E così, crediamo, che questa via della critica conflittuale e disalienante, antagonista quanto giustamente erosiva delle acquiescenze, dei silenzi conniventi o delle formattazioni – che colonizzano l’autonomia intellettuale e il “senso” della/e parola/e, dei testi e dell’azione del linguaggio letterario-poetico e artistico – sia quella corrente a spinta sotterranea e palese che, all’insaputa degli stessi autori (che certamente hanno scritto l’uno separato dall’altro), fa convergere gli interventi (presenti nel corpo della rivista) nello stesso orientamento. È quella linea comune che dà vita, crediamo, a quel “Soggetto collettivo” che poi si incorpora nella singolarità personale e scritturale di ciascun autore secondo una strategia di “estraniamento”, la quale potrebbe essere un proseguimento (in un altro teatro) di quella che ha inaugurato Bertolt Brecht.

E qui, per qualche altro luogo del volume dove vive la “rabbia radioattiva” poetica o altro della eterotopia della poiesis (produzione) altrui, avviandoci a chiudere, proponiamo al lettore qualche altra estrapolazione per cenni e salti in funzione dell’estensione della linea che, crediamo, accomuni i nostri scrittori, e al contempo predicato “glorioso” per FERMENTI e il suo n.237/2011.

Così è, ci pare, anche per la sezione poetica e solo ad esempio (ma si potrebbe continuare con gli altri) indichiamo qualche scheggia:

di Mario Lunetta:

“Gli chiesi di parlarmi di questo calderone / di barche matte di quest’oceano ch’è poi solo / un acquitrino che si alimenta di sangre e di sangria / e schiatta di rumori nei suoi intestini arrostiti. // [...] / Dicesti anche quella sera di pioggia sorseggiando / [...] / la pensavi come Becktt: ‘ Non mi hanno mai interessato / i vincitori ma i vinti, perché da questi ultimi / si può imparare qualcosa’.” (Calderone di barche, pp. 282-283);

di Marco Palladini:

“Tra G8 e G20, Fondo Monetario Internazionale e Banca Mondiale / non occorre andare molto lontano per capire chi prende / le misure di governante e tecniche del tutto funzionali / a confermare e a protrarre lo scambio ineguale e il dominio imperiale…/ La gioia tragica e la distruzione felice / [...] / sugli indigenti a miliardi che popolano il pianeta / [...]”.(Palladini, In Linea d’ombra, p. 315);

di Raffaele Piazza:

“Telegiornale, schermo Internet in casa Verde / Gianni, Marisa e Giacomo e Maria, / gliamati e non voluti figli.
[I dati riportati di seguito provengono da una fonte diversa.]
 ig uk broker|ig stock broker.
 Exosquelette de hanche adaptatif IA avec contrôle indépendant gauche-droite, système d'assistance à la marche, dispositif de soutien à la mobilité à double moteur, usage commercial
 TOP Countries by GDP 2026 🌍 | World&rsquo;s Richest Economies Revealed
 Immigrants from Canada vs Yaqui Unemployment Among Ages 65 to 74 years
Selva sonora / [...] / barrette per felici momenti. Guerra in Libia / da parlarne a cena i bimbi ridono e là sono morti / in molti. Italia di pace e dell’inno nazionale / stasera di calcio una partita sullo stesso / visore del sangue.” (Piazza, Famiglia italiana ai tempi della guerra in Libia, p. 327);

di Gualberto Alvino:

“we are not dogs no nenti here / vivi mali cca non so no capisi talian beni / fa barbere macela agneli big trouble ici / problema lavori tanta problems / racoli arangi venti iuro / maximum twentyfive iurnata pochissima / non poso parli entre nous sinò cacci / sometimes we sing chiane chiane / [...]” (Domidiana road, p. 304).

Di Gualberto Alvino, inoltre, il sipario irato e prezioso dell’assalto (con il suo “Bloc notes” ironico ed elegante) al Berardinelli che non capisce è altro pezzo del mosaico, così come la forte immagine che Lunetta traccia del poeta Gian Pietro Lucini.
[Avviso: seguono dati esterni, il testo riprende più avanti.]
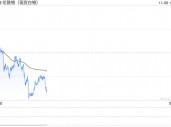 贺利氏：第三季度全球黄金ETF需求上升，今年秘鲁白银产量飙升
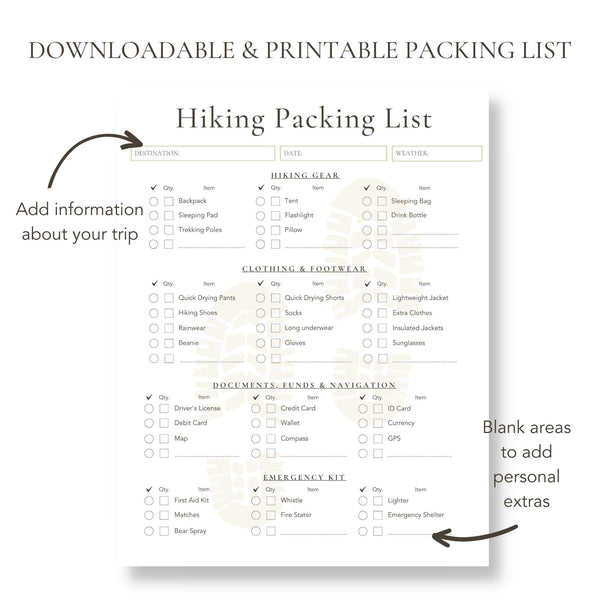Hiking Packing List(Printable)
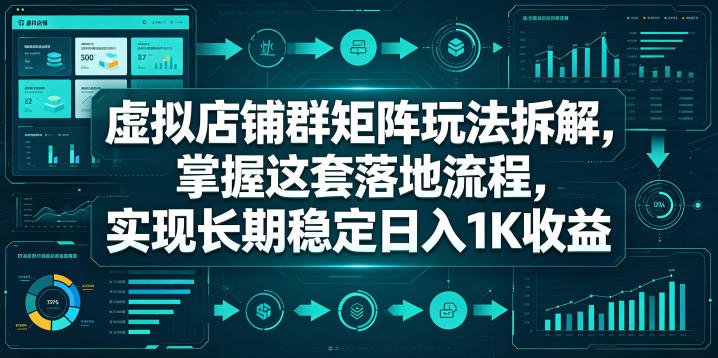 虚拟店铺群矩阵玩法拆解，掌握这套落地流程，实现长期稳定日入1K收益【揭秘】-吾爱云课堂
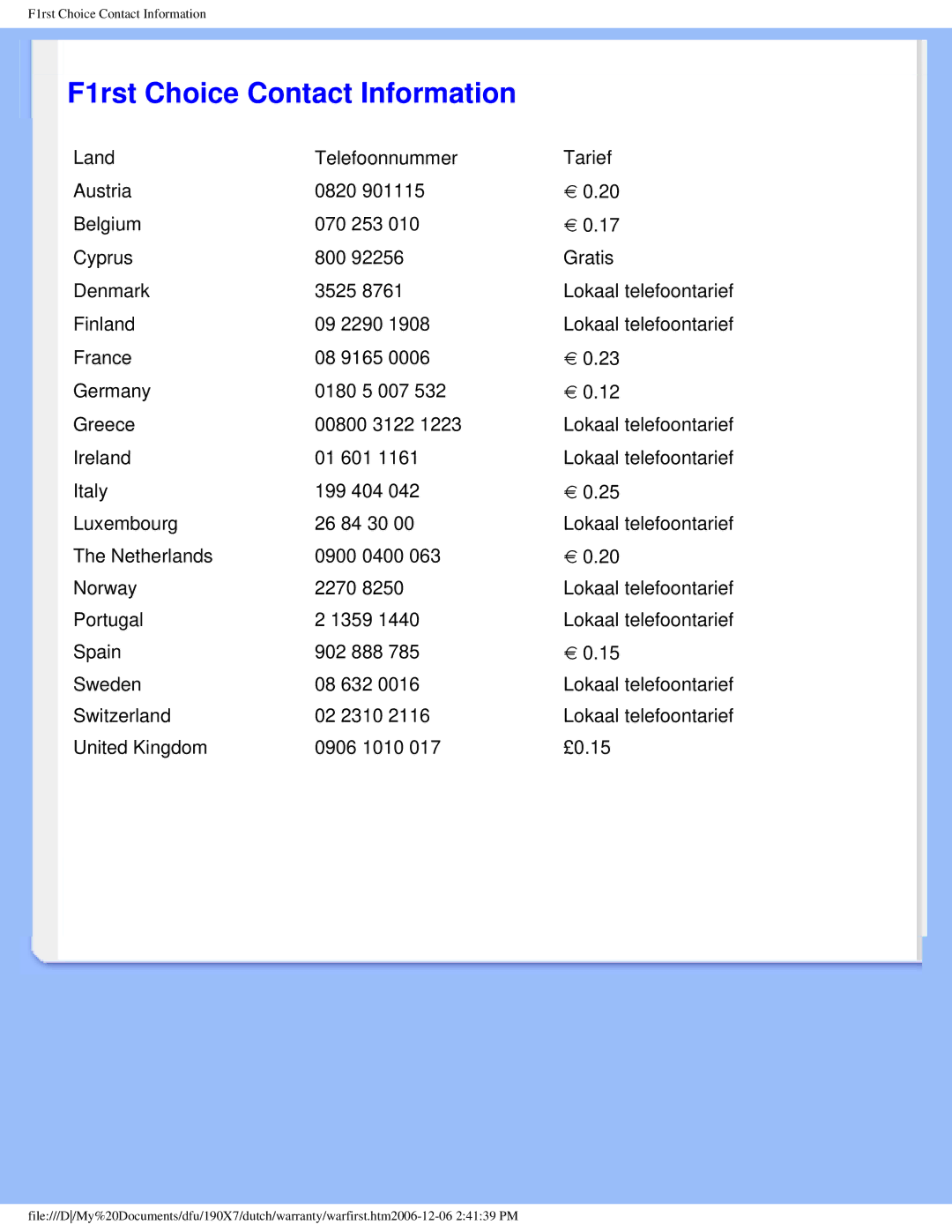 Philips 190X7 user manual F1rst Choice Contact Information 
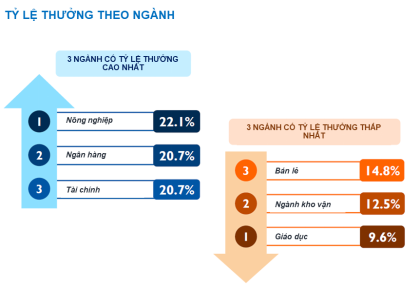 Ngành nào tại Việt Nam có tỷ lệ nghỉ việc cao nhất? - Ảnh 3.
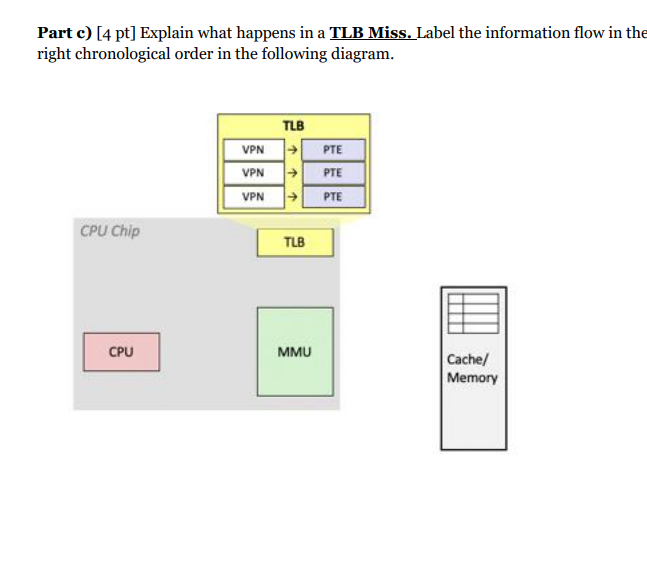 Solved Part a) [2 pt] Explain how TLB speeds up address | Chegg.com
Lucini, scrive Mario Lunetta, è “un’anarchia in cerca di sintesi [...] nostro contemporaneo” che insegna a “far giusto … uso delle parole. A misurarsi senza timidezze col proprio tempo. A produrre pensiero e immagini complesse, in perpetua interrogazione del reale e dell’utopia. A dare risposte nette, mai paghe di sé una volta per tutte. A praticare nella scrittura l’arte come arte della libertà” (p. 79).